Garbanzo Beans like all legumes, are packed with protein and a whole bunch of other great things that I would love to share (since I am a nerd), but then this would be a blog about properties behind food and not actual recipes. So, we will save that for another time, BUT Garbanzo Beans=Good for you. EAT THEM.

Generously Serves 6.
What You'll Need:

        For the Laffa's:
        Makes 16 Mini Laffa's.

  • 1 Tsp Dry Active Yeast
  • 2 1/2 Cups Tepid Water
  • 5-6 Cups Flour 
  • 1  Tbsp Salt
  • 1 Tbsp Olive Oil
For those of you that are afraid of yeast, don't be.

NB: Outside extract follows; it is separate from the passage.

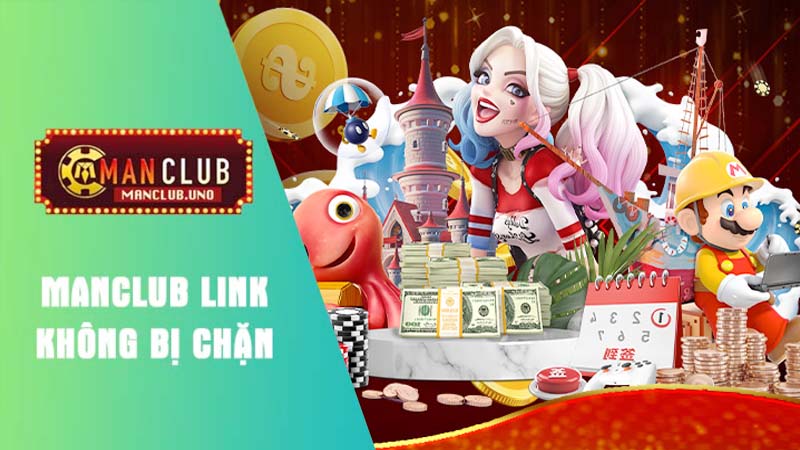manclub link vì sao bị chặn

It really is simple once you get the hang of it.
In a large bowl stir your water and yeast with a spoon (I like using a wooden spoon) stirring in one direction. Now we're going to add half of our flour (2 1/2 cups) one cup at a time while you continue stirring in one direction for about 3 minutes. Your mixture should look smooth and silky. At this point your mixture should be left to rest covered in plastic wrap in a cool place for a minimum of 30 mins up to 8-9 hours. The more you let it rest, the more flavor your Laffa's will have. (secretly I rarely have time for resting myself, so why should my dough?;)) Once your dough has rested stir in your Salt and Olive Oil. Stirring in one direction add the rest of your flour one cup at a time. Once your dough is too stiff to stir with a spoon put on some floured gloves and let your hands do the rest of the work. Knead until nicely smooth and elastic. Place dough into oiled bowl and let dough rise in room temperature for 2-3 hours. Once risen separate into equal parts and shape dough into tight balls. Heat up your skillet (you might need to wipe down with a tiny drop of oil). Flatten your dough and place on skillet one at a time for about 3 minutes on each side.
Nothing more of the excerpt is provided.